Creative Storms and the building of Worlds
Many worlds live behind my eyes, and each and every one claws at the edges of my mind to come into being through word and art. I have played with them, dancing through the night. I have tried to prioritize them so I can work on one world at a time, but the others shout and scream to the point where I can no longer hear the chosen one...
This year, I have been trying to change my relationship with my fiction and my career. I want to write more short stories, prose poems, and vignettes, but I still want to work on novels, novellas, and novelettes. The problem comes in when I try to choose one world over another.
I used to think this was a problem with disciple, but I don't think it is. Not really.
Sometime I am in the mood to reread Harry Potter (I am on book 6 btw), and sometime I want to watch Star Trek, and other times I want to continue reading the Pillars of Reality.

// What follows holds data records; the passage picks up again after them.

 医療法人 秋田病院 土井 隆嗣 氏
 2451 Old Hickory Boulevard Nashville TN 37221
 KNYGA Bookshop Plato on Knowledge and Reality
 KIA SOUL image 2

If my choice for entertainment can flip around from genre to genre, why would I expect that my imagination would fixate on just one thing?

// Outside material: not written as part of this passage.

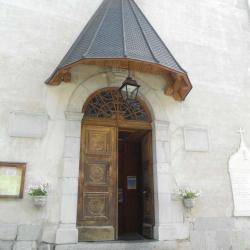 Eglise Saint Pierre Aux Liens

Why should I feel guilty for loving many genres?
Because it feeds my resistance to keeps me from writing...
There is so much pressure on writers to conduct their business in a certain way. Every writer who has achieved even a little bit of success, has a formula to follow. They all have the same talking points.
Write a series of books.
Write them fast, releasing several books a year.
Start an email newsletter.
Sale, Sale, SALE!
So, how does a writer with too many ideas work?
I want to tell stories, and yes, I want to make money off my work, but I should not have to conform to how other writers do their work.
Writing is a craft. Yes, it is a business, but I think we spend too much time, energy, and effort focusing on how to make money, and not enough time on our craft.
We have to tell the stories that are in us to tell.
For writers like me, the community consensus that I should be all about the money distracts me from the real purpose of my career. I have stories in me that want to be told, and I need to spend my time, energy, and effort on telling those stories in the most well crafted ways I can, and then figure out a way to monetize that.
Stories must come before money.
If you are a writer like me with too many ideas and worlds in you fighting to get out, find a way to tell those stories before everything else.
Our stories matter more than our income.
I have been here before. I get to this point, and then slowly, I get sucked down the business road and worry more about money than craft. I can only hope that I will not fall down that path again.
Join me.
Tell your stories as I tell mine.
Allow your imagination to carry you to where you need to be.
Put the stories and craft first, then monetize that.
Don't lock yourself into a system that is self/soul defeating.
I have faith in my craft, my stories, and my characters. You should too.